Palestine does not have to be a lost cause

The most sickening (I mean truly vomit inducing) thing about the Al Jazeera revelations, the so-called Palestine Papers, is not what they confirm about the quisling status of the impotent and corrupt Palestine Authority. Nor is it what they confirm about the Israeli leadership’s complete lack of interest in peace on terms other than those which require the Palestinians to surrender – to abandon their struggle for even an acceptable minimum amount of justice. What then is the most sickening thing?

By offering or at least indicating that it was prepared to offer such huge concessions, the PA leadership encouraged Israel’s political and military leaders in their belief that if only they are intransigent, repressive and brutal enough for long enough, they can break the will of the Palestinians to continue their struggle and force them to accept a handful of crumbs from Zionism’s table.

That’s the really bad news.
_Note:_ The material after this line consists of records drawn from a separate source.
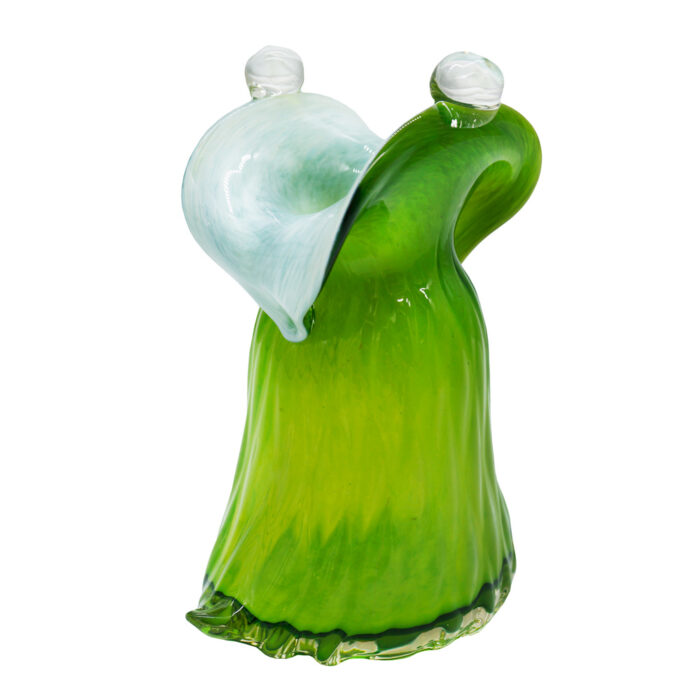стеклянная ваза кошелек кисет зеленая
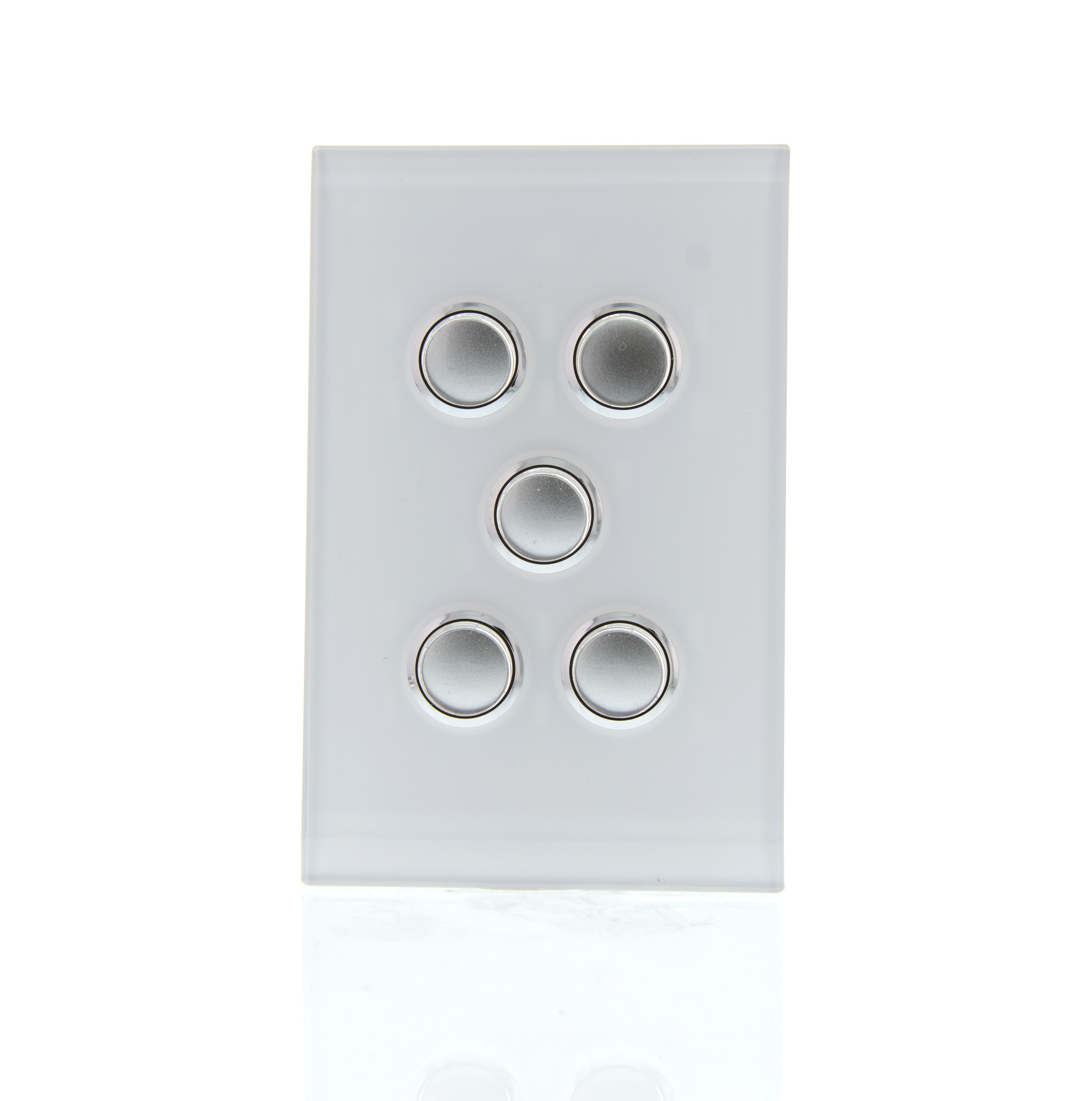 Clipsal Saturn Series Grid And Plate Assembly 5 Saturn 4000 Series Including Saturn Horizontal Pure White - 4065VH-PW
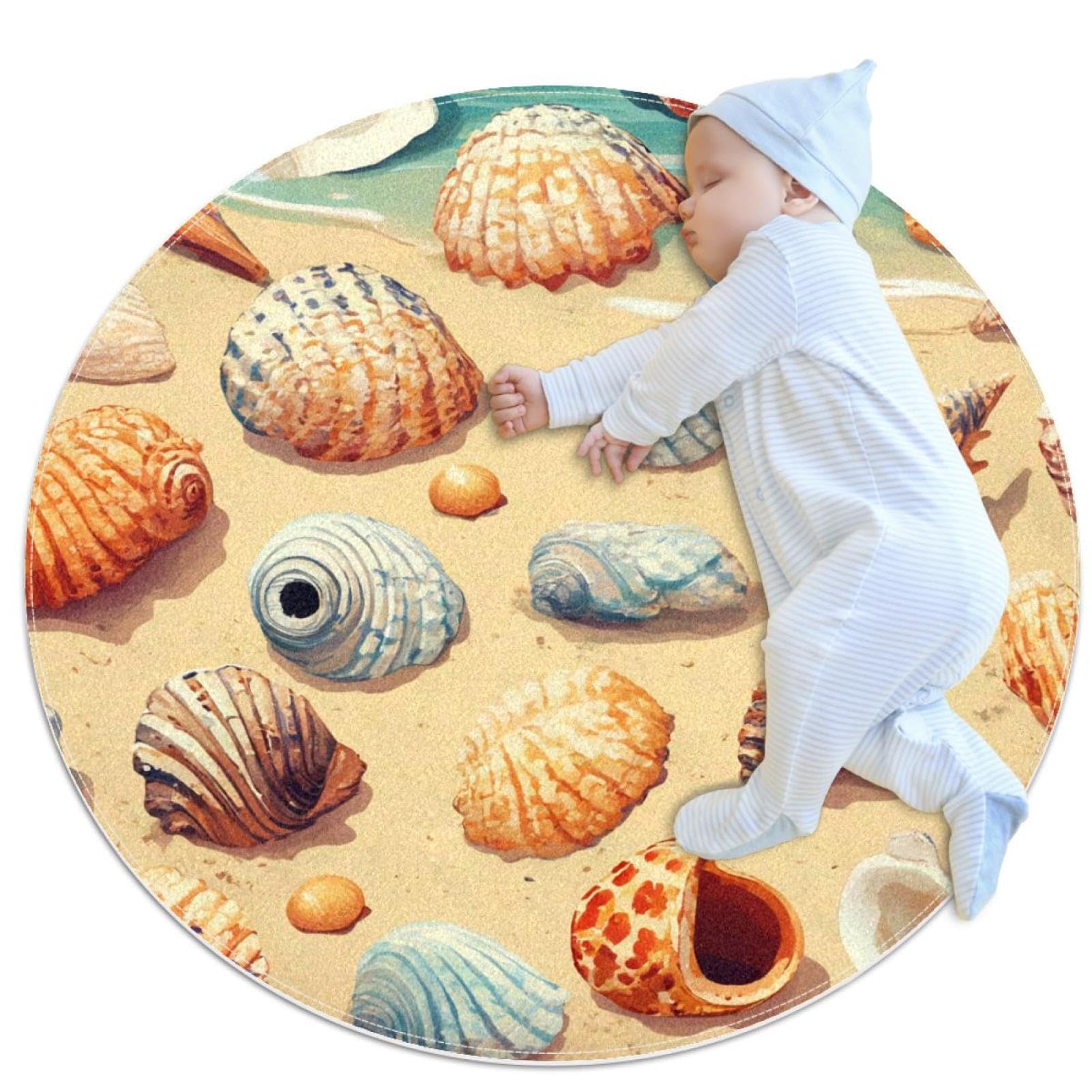 Tapis de salle de bain doux conque sur le sable tapis rond 1m anti-glisse chambre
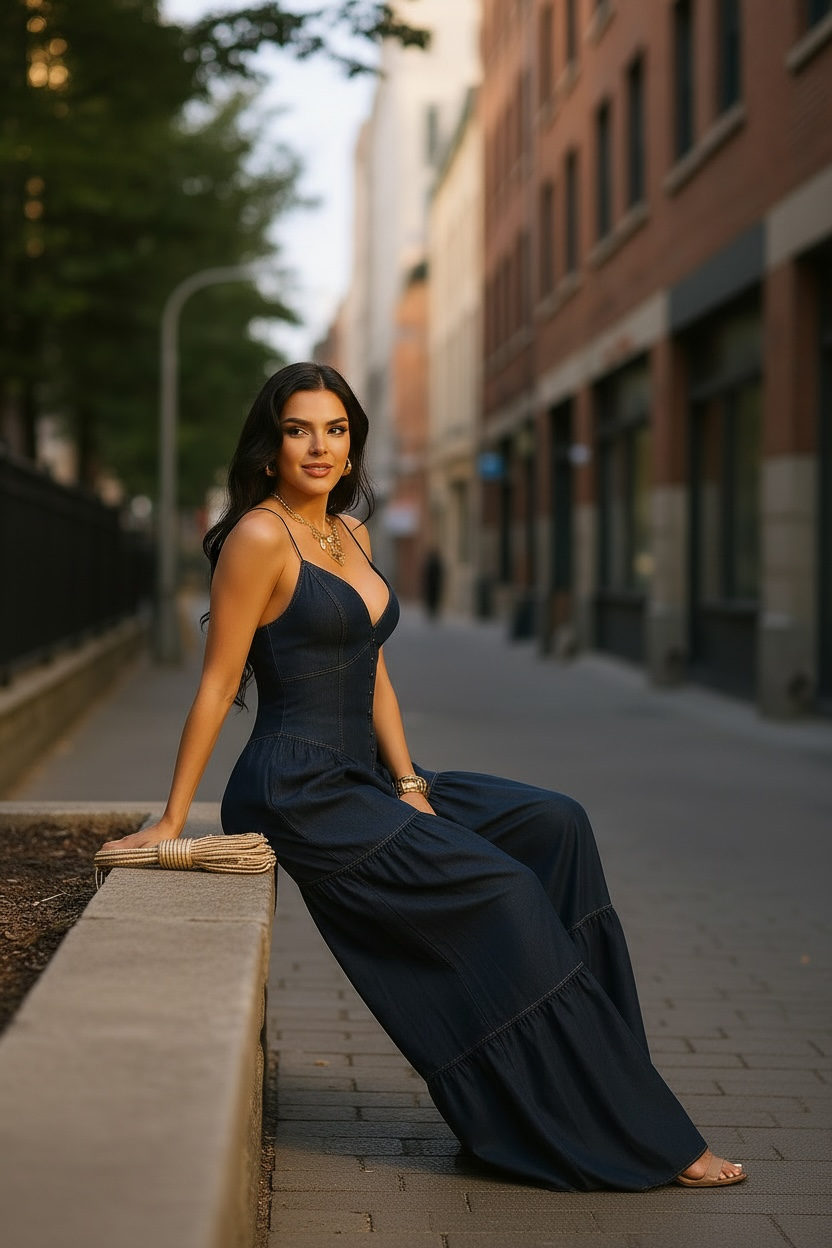 V-Line Denim Jumpsuit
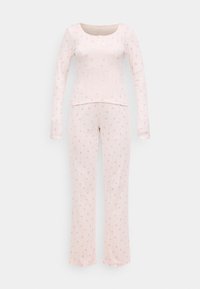 Ροζ ριχτό pajama set με μακριά μανίκια και παντελόνια ίσιου κόψιμου, διακοσμημένο με μικρά λουλούδια και στρογγυλή λαιμόκοψη. Υλικό από μείγμα βαμβακιού.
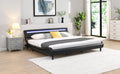 Modern Upholstered Platform Bed Frame With Led Lights Headboard, Faux Leather Wave Like Platform Bed Frame,Strong Wood Slats Support, Easy Assembly, Black, King Size Black Metal & Wood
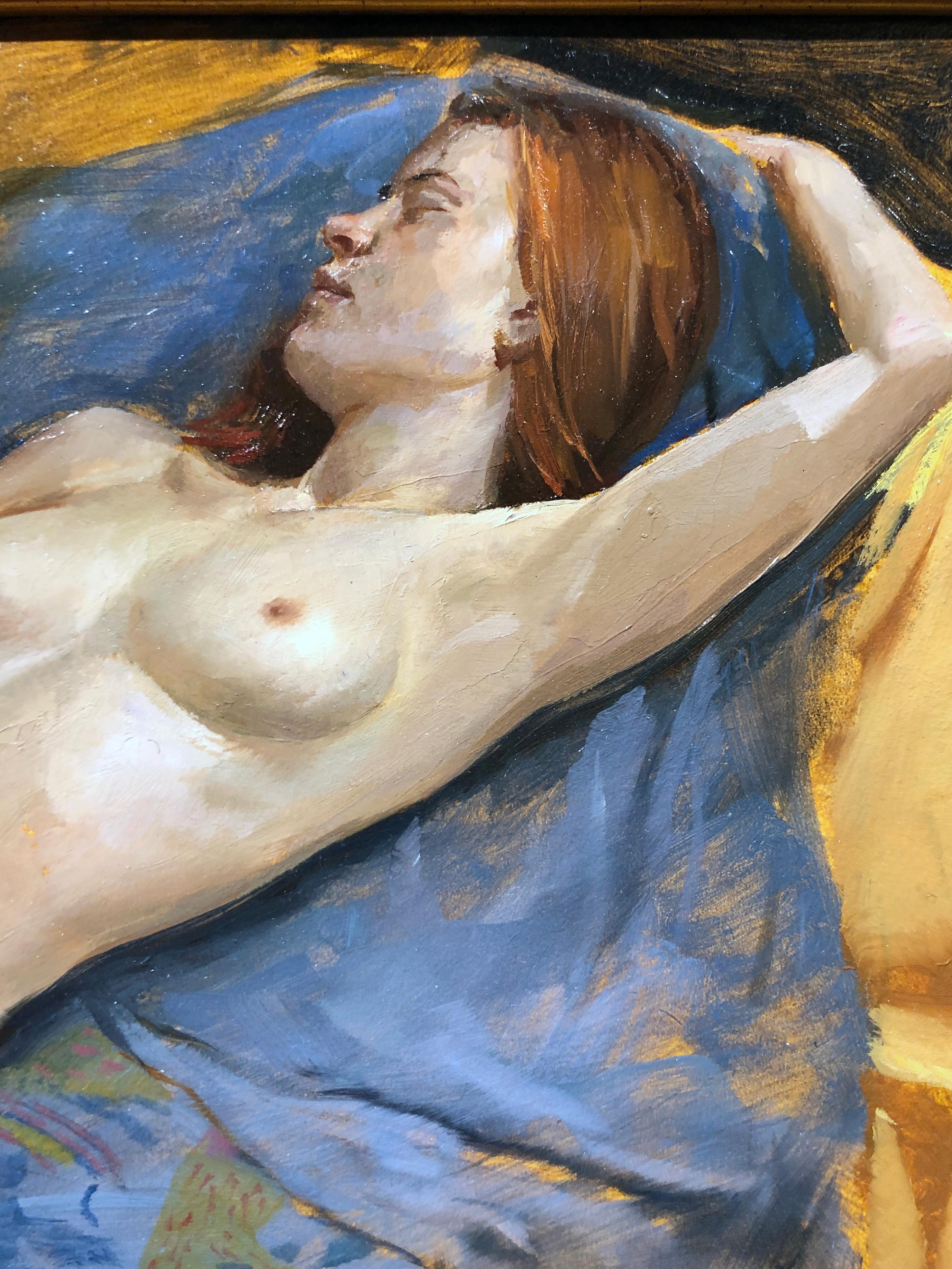 This classically painted nude model study demonstrates the artists understanding of the human figure.  Surrounded by loosely painted lush fabrics, the model lies in a reclining position, her eyes closed, wearing only a pair of slippers.  The quick,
The good news is that if the Palestinians – the occupied and oppressed and those in the diaspora – can now put their act together, they could create a new situation to their advantage.

For the past two years I have been defining in articles and speeches what I think putting their act together means, or should mean.

For example, in a post on 15 September last year with the headline Does the Palestinian diaspora care enough to become engaged? I asked this question.What can the Palestinians do to help themselves? My answer (first put forward more than two years ago) was the following.

They should wind-up (close down) the discredited PA and put policy making and implementation back into the hands of the Palestine National Council (PNC), which is supposed to be (it once was) the highest and most supreme Palestinian decision-making body. To become relevant again it would have to be reconstructed and re-invigorated by elections to it in every place where there are Palestinians – the occupied West Bank including East Jerusalem, the Gaza concentration camp and the diaspora.

The fact that the PA is impotent, corrupt and discredited was reason enough, I went on to say, for it to be put out of its misery, but there was more to it.

In their claim for justice, I wrote, the Palestinians have 100% of right, legal and moral, on their side (whereas the Israelis have 99% of the might, conventional and nuclear, on their side). If this claim was properly presented and pressed by a credible Palestinian leadership, by definition a democratically elected leadership duly authorized to represent the views of all Palestinians, it would be more difficult for the governments of the major powers, the one in Washington DC especially, to go on refusing to use the leverage they have to end Israel’s occupation of Arab land grabbed in the Zionist state’s 1967 war of aggression. (Not self defense as Zionism asserted and succeeded in getting most people in the Western world to believe).

In that context and the light of Al Jazeera’s revelations, the first main message of a reconstructed and re-invigorated PNC, addressed to the Israelis but also for the attention of the governments of the world, would be something like this.

You have demonstrated that you can make puppets of some of our leaders you decided not to assassinate, but you will never break the will of the Palestinian people. In the name of this people we tell you now that we will never accept anything less than a complete end to Israel’s 1967 occupation, as required by UN Security Council resolutions and international law.”

To demonstrate that it was prepared to play its part in addressing and hopefully removing one of the main fears Israel’s leaders have installed in the minds of the Jewish citizens of the Zionist state, (the fear being that the Palestinian right of return means the destruction by demographic and therefore peaceful means of a Jewish majority Israel), a restructured and re-invigorated PNC could also say that in the event of an end to Israeli occupation and the creation of a Palestinian state, an authentic Palestinian leadership would reluctantly accept (as Arafat and his senior leadership colleagues did behind closed doors) that the right of return would have to be limited to the territory of the Palestinian state, with compensation for those who wished to return and for whom there was no space.